Mais uma vez deparo com curiosas convergências, porque num fim de tarde em 1941 Hitler explicou aos seus comensais: «A inflação não é provocada pelo aumento da circulação fiduciária. Ela começa no dia em que o comprador é obrigado a pagar, pelos mesmos bens, uma soma mais elevada do que a que lhe fora pedida no dia anterior. Quando se chega a este ponto, temos de intervir». E aqui Hitler evocou a figura de Hjalmar Schacht, o hábil economista e perito de finanças que a partir de 1923 corrigira a hiperinflação e que de 1934 até 1937 se encarregara do Ministério da Economia do Reich. Aliás, depois da guerra Schacht haveria de desempenhar um papel na recuperação da economia alemã. «Mesmo a Schacht», gabou-se então o Führer, «eu tive de começar por explicar uma verdade elementar, a de que o principal motivo de estabilidade da nossa moeda reside nos nossos campos de concentração. A moeda permanece estável quando os especuladores são postos na prisão. Também tive de fazer Schacht compreender que os lucros excessivos devem ser retirados da circulação económica». A noção estritamente repressiva com que Hitler abordou aqui as questões económicas e financeiras não é diferente da que ouço hoje defendida por uma certa esquerda, e a substituição da economia pela política é um dos mais preocupantes terrenos de aproximação entre essa esquerda e o nacional-socialismo enquanto pós-capitalismo.

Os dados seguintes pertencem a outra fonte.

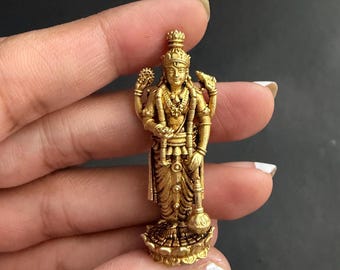 Brass Vishnu Statue Lord Vishnu Idol Hindu God Vishnu Murti for Home Temple Vishnu Bhagwan Sculpture Spiritual Decor Gift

Com efeito, a esquerda esqueceu, ou pretende fazer os outros esquecerem, que o thatcherismo surgiu como reacção à falência do modelo keynesiano adoptado pelos governos trabalhistas na Grã-Bretanha. Chegara-se a uma situação classificada como estagflação, ou seja, a conjugação de inflação e de estagnação, em que o aumento das emissões monetárias deixara de servir de estímulo à economia e tinha apenas como resultado o agravamento da inflação. É evocando a memória da estagflação que devemos apreciar as propostas de dinheiro fácil. Nem se trata já do sistema da vaca leiteira, mas do mito do pays de cocagne, esse reino da abundância onde tudo se obtinha sem dificuldade e os presuntos nasciam nas árvores, possivelmente para que os vegetarianos os pudessem comer.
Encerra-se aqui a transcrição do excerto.